The Lessons of Cooking School

Learning the first principles of cooking at culinary school

The Lessons of Cooking School
Photo by Pylyp Sukhenko / Unsplash

I’ve taken the last two weeks off from all things Uncharted to attend a 2-week bootcamp at a culinary school in Vancouver, B.C. on plant-based cooking. I approached with two goals: 1) learn the first principles that underpin all cooking, and 2) develop more culinary creativity by operating within the dietary constraints of plant-based cooking where butter, cream, cheese, and meat are all unavailable, leading to inventive recipes and surprising substitutions.

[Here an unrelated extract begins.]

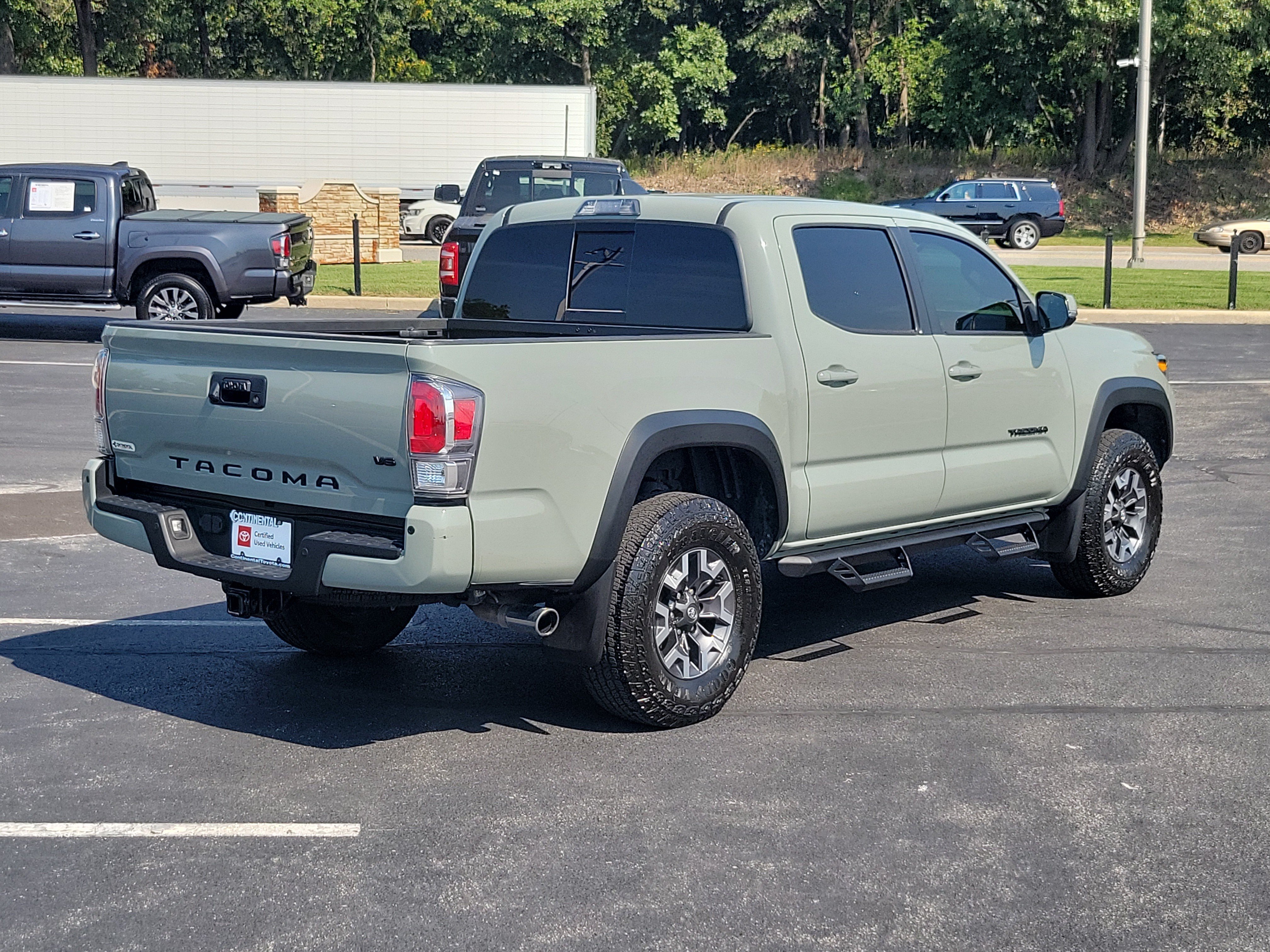 Certified 2023 Toyota Tacoma TRD Off-Road w/ Technology Package AWD/4WD image 5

This course ended up being one of the best things I have ever done (and I believe one of the highest ROI things I will ever do...it will fundamentally change every meal I make for the rest of my life). The course was a change of pace from the routines at Uncharted: I loved the tactile, physical dexterity needed to wield a knife, the sensory intelligence needed to evaluate the ripeness of a fresh tomato, the intellectual understanding needed to perceive how heat, acid, fat, and time change the chemical composition of ingredients, the creative vision needed to imagine a dish, and the strategic planning needed to script the key moves so it all came together at the same time. But perhaps most of all, I loved how the first principles of cooking invite us to let go of adhering to the check-lists in a recipe book where there is only one right way and instead trust ourselves, develop good kitchen judgment, rely on our taste-buds, and embrace the inevitable imperfections of taking something from idea to reality within just a few minutes or hours. The kitchen is the original rapid-prototyping workshop, it is the stage where we can apprentice in the human work of creating something from nothing, of course-correcting as we go by constantly tasting, re-flavoring, and tasting again, and of extending the grace to ourselves when the food didn’t come out exactly the way we envisioned. It’s just one meal, and if we’re lucky, we can try again tomorrow.